Appel à un autre site
L’appel à la préfecture pour rechercher un autre site d’accueil en Nouvelle-Aquitaine se fait entendre, notamment en privilégiant des friches industrielles déjà artificialisées. Les écologistes estiment que ces alternatives seraient plus respectueuses de l’environnement et de la sécurité des populations.
Position de la Sepanso
La Sepanso, une association de protection de l’environnement, partage un constat similaire. Selon elle, la faible majorité obtenue lors du vote révèle un manque de consensus autour de ce projet. L’association appelle les autorités à examiner plus attentivement les risques associés à l’implantation de l’usine, notamment en ce qui concerne la santé publique et l’impact environnemental.

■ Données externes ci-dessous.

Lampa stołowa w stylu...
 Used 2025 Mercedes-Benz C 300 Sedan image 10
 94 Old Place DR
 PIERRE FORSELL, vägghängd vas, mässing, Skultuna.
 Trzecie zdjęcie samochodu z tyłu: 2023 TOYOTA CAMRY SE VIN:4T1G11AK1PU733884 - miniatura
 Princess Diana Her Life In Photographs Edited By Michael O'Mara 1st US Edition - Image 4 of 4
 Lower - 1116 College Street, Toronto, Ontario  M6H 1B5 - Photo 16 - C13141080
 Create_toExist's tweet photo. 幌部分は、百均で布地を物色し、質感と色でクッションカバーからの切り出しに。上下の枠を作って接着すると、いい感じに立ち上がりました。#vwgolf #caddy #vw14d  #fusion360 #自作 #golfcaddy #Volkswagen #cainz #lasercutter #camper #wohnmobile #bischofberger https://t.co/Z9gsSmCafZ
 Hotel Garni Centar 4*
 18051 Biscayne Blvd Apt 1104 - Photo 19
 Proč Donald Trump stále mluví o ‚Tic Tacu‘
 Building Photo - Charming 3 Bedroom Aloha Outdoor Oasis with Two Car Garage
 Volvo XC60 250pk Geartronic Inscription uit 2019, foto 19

Des pertes agricoles à déplorer
Les opposants au projet soulignent également le risque de destruction de près de vingt hectares de terres agricoles biologiques et d’espaces naturels. Ils soulignent que cette situation est incompatible avec les objectifs de préservation de la biodiversité et contestent les mesures compensatoires proposées par le maître d’ouvrage.
Vers une décision finale imminente
Malgré les critiques et l’opposition persistante, le projet EMME ne semble plus qu’à un pas de sa réalisation. L’arrêté d’autorisation environnementale, attendu dans les semaines à venir, pourrait marquer un tournant décisif pour cet ensemble industriel controversé. Rappelons qu’une enquête publique avait révélé une forte opposition populaire, avec plus de 85 % des avis recueillis exprimant des réserves à l'égard de la construction de la raffinerie.
Actions judiciaires en cours
La Sepanso a déjà saisi le Conseil d’Etat pour contester le décret déclarant EMME d’intérêt national, qui a permis à l'État de modifier le plan local d’urbanisme. Par ailleurs, le nouveau maire de Parempuyre conteste devant le tribunal administratif de Bordeaux une convention signée par la précédente municipalité, autorisant des travaux importants pour raccorder l’usine au réseau électrique. D’autres actions judiciaires pourraient suivre, visant à bloquer les prochaines autorisations administratives.